Patrick O’Neill serves up a rich stew of narratology, reader-reception theory, and a postmodern theory of truth. Many narratologists have taken the postmodern turn, while others have pursued a reception-theory route. Either path requires careful navigation, and the combined one even more so. Classical narratology focuses on the textual structure with its network of various narratological relations. Reader-reception theory assigns to the reader a leading role in the creation of the text. O’Neill in various ways challenges or at least reformulates the notions of both text and reader, endorsing as he does a postmodern theory of truth which he terms the “Zeno Principle.” This principle is that “narrative discourse is always potentially subversive of the story it would seem to reconstruct” (p. 7). The Zeno Principle is a version of what he understands to be the Heisenberg Principle, namely that “discourse (including theoretical discourse) at least potentially subverts the story it sets out to narrate, and ultimately itself also” (p. 9). O’Neill contends that his narratological project will support the Zeno Principle. If successful, though, his endeavor will of course meet the usual self-destructive fate of such theories. But its self-annihilation seems not to discourage O’Neill, who finds all theories essentially “ludic.” O’Neill’s undertaking is ambitious; I shall focus on just a few of his moves.
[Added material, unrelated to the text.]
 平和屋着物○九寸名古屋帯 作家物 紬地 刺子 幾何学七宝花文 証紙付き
First of all, it is no surprise to hear that postmodernism is not new nor even that it has a classical pedigree. But it will probably astound—not to say sadden—the reader to see O’Neill locate its origins in the paradoxes of Zeno—the fifth-century Eleatic, the logician so well known for defending the epistemic primacy of reason, one of the uncontested intellectual progenitors of Plato, who remains the explicit target of Derridean fire. This is not simply a persnickety objection to O’Neill’s terminology, but a reflection on the broad implications he draws from his narratological investigations.
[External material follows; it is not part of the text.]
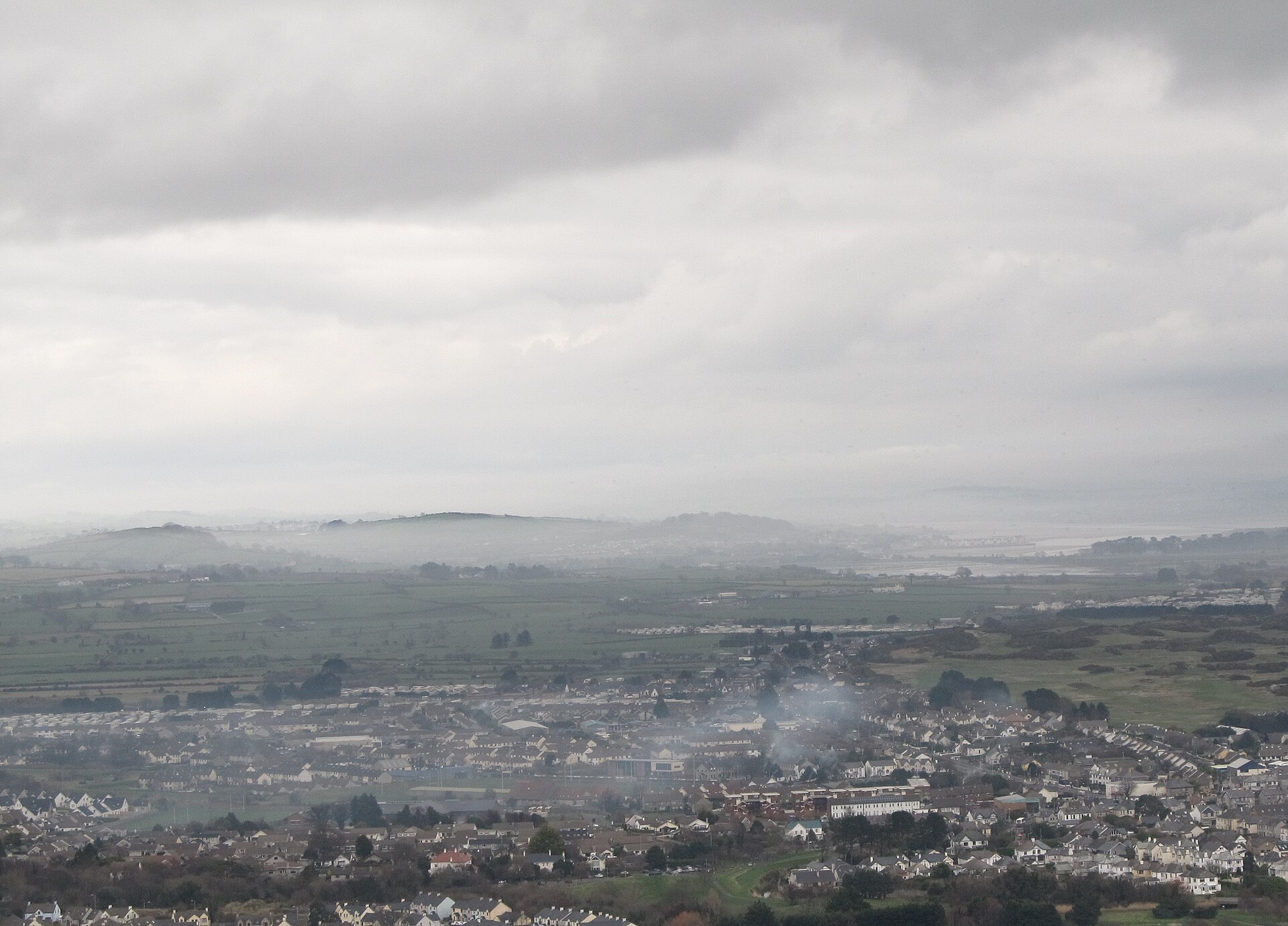 Low bands of fog across the Shimna and Carrigs valleys, above a town and fields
Plato, working in the Eleatic (Zenoian) tradition, draws our attention to the perspectival nature of literature and would extend this to all empirical discourse. Any empirical narrative—history, biography, or literature—is in principle illusory because merely perspectival. Plato, true intellectual heir of Zeno, anticipates the narratological enterprise in this respect, while demonstrating [End Page 532] the exclusive epistemic integrity of logical thought. One finds this of course in his Republic, but nowhere are his narratological sympathies more evident than in the Symposium, with its many tiers of narration. He prefigures, then, the modern insight that all narrative is, in Wayne Booth’s terms, rhetoric and in narratological terms, focalized.

If we grant with Zeno, Plato, and other friends of rationality that empirical discourse is perspectival or focalized, we can see that narrative must place us in some hypothetical vantage point: from another standpoint, the world looks different and assumes new contours and mood. Once we acknowledge that no one point of view is more privileged than another, our perceptions seem less stable. Lolita, for example, told from the viewpoint of the nymphet herself, would be a different story. Moreover, any narrative must be mediated by narrative perspective, and as O’Neill indicates, the narrative vantage point may not be that of the narrator or implied author. As he puts it, “Voice and vision . . . [may] derive from separate points of origin” (p. 84).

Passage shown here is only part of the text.